[Stored entries]
★ ★ ★ ★
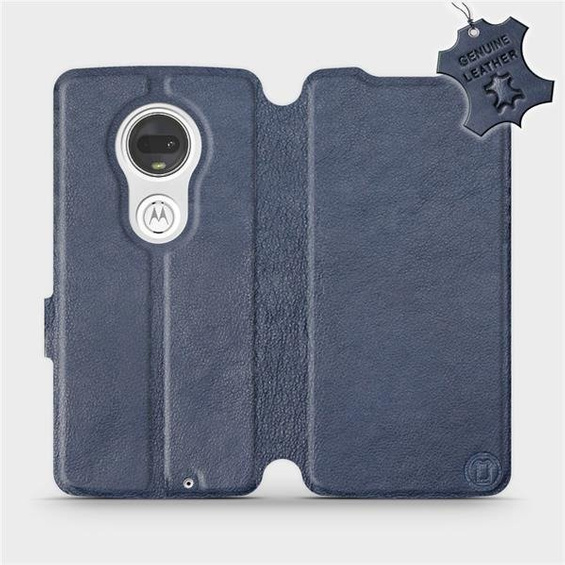 Etui ze skóry naturalnej do Motorola Moto G7 - wzór Blue Leather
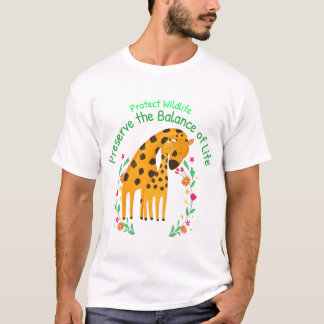 Camiseta proteger a vida selvagem preservando o equilíbrio 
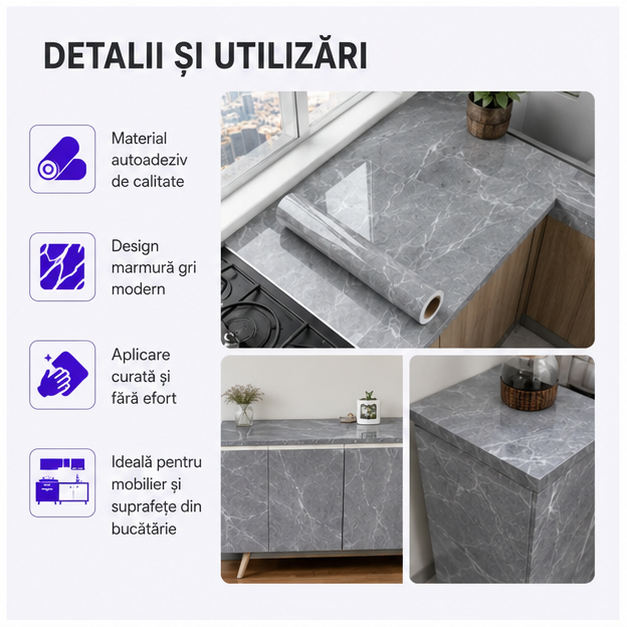 Folie Autocolanta Marmura Gri Autoadeziva 60X300cm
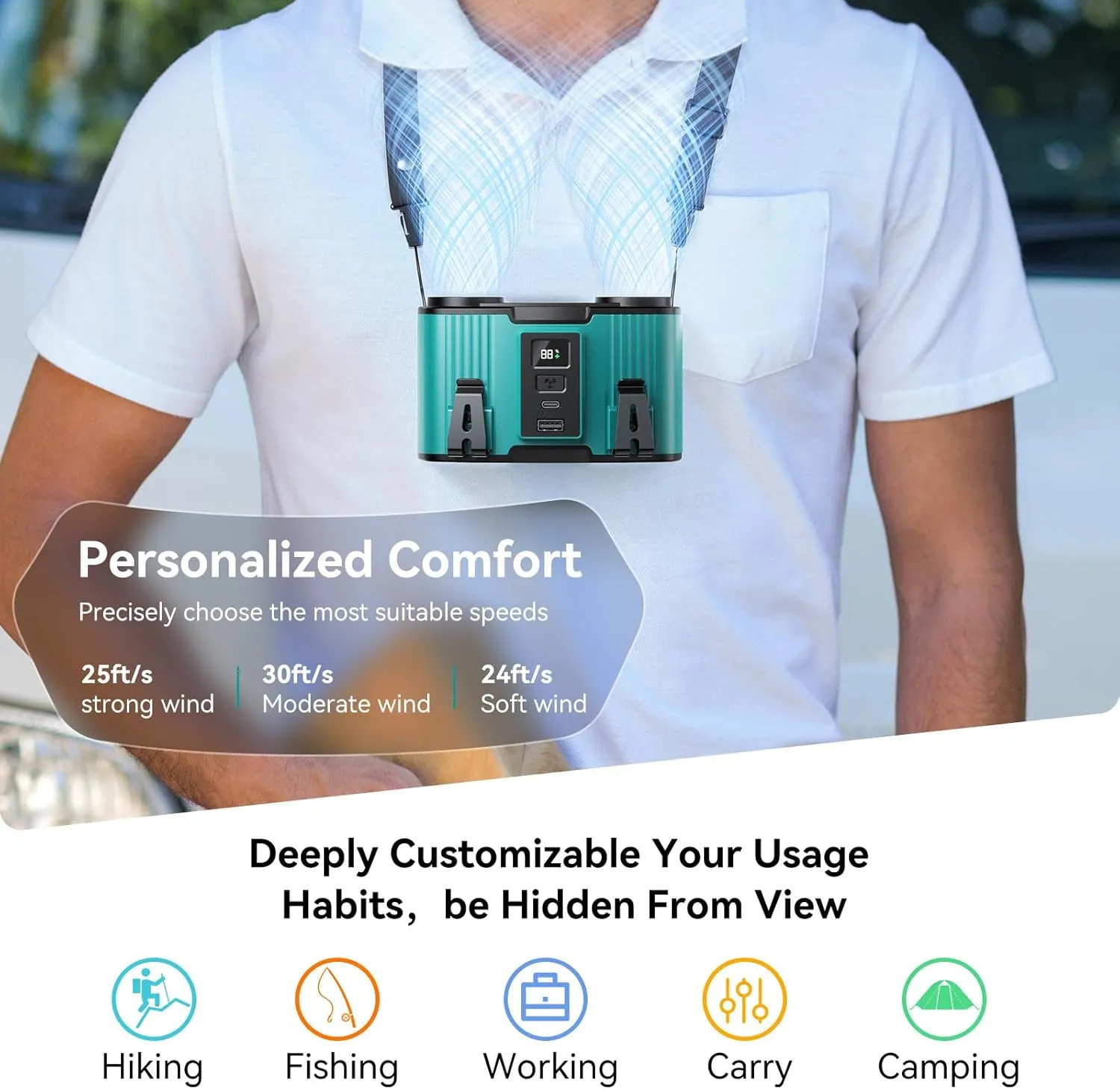 24000mAh Personal Waist Fan, USB Rechargeable Clip The Waist For Working,10 Speed & 40H Cooling and Heatstroke Prevention For Outdoor Travel Camping (Blue, 24000mAh)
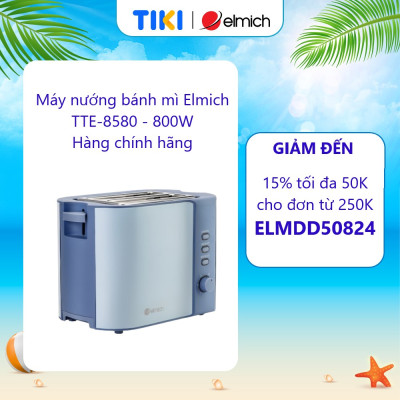 Máy nướng bánh mì Elmich TTE-8580, công suất 800W, 6 mức nhiệt điều chỉnh, 2 chế độ hâm nóng và rã đông, 1 khay treo bánh mì nướng thông minh, 2 khe nướng giúp nướng được các lát bánh có độ dày và kích cỡ khác nhau  - Hàng chính hãng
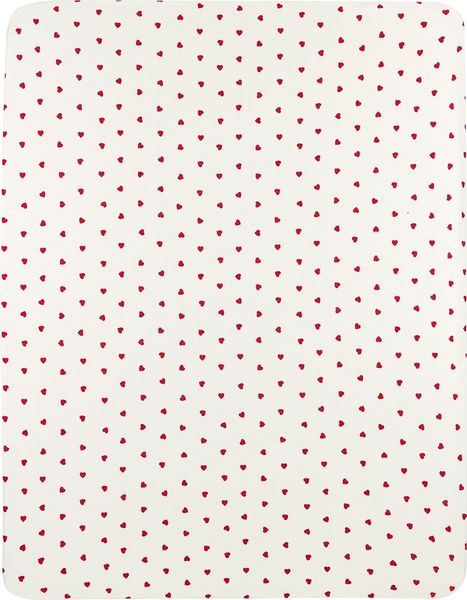 Meyco Spannbettlaken - Sweet Heart - White/Red - 7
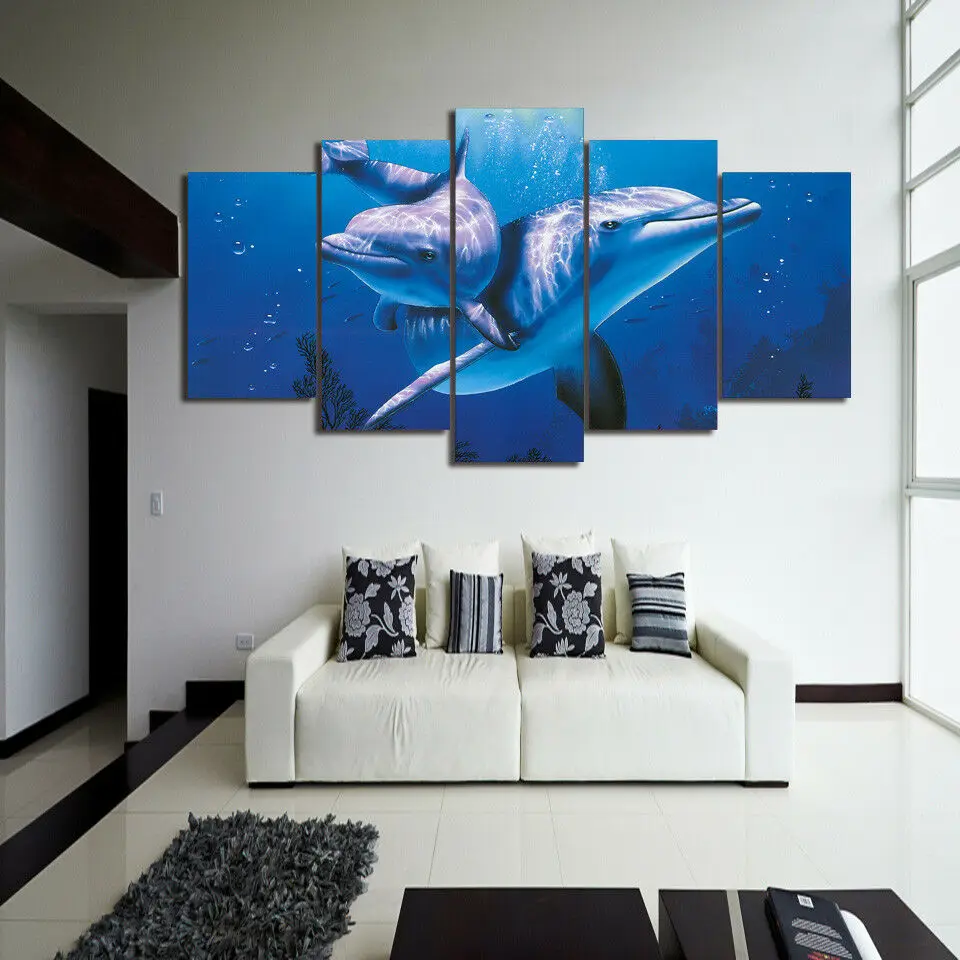 

Dolphins Underwater Ocean Deep Blue Sea 5 Panel Canvas Print Wall Art Home Decor HD Print Pictures Poster No Framed 5 Piece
★ ★ ★ ★
■ **YOUR INSTRUCTIONS**
The line containing "24000mAh Personal Waist" marks the end: copy exactly every line from the start of the records up to and including it, leaving out the pictures.

■ **RESPONSE BELOW**
 Etui ze skóry naturalnej do Motorola Moto G7 - wzór Blue Leather
 Camiseta proteger a vida selvagem preservando o equilíbrio 
 Folie Autocolanta Marmura Gri Autoadeziva 60X300cm
 24000mAh Personal Waist Fan, USB Rechargeable Clip The Waist For Working,10 Speed & 40H Cooling and Heatstroke Prevention For Outdoor Travel Camping (Blue, 24000mAh)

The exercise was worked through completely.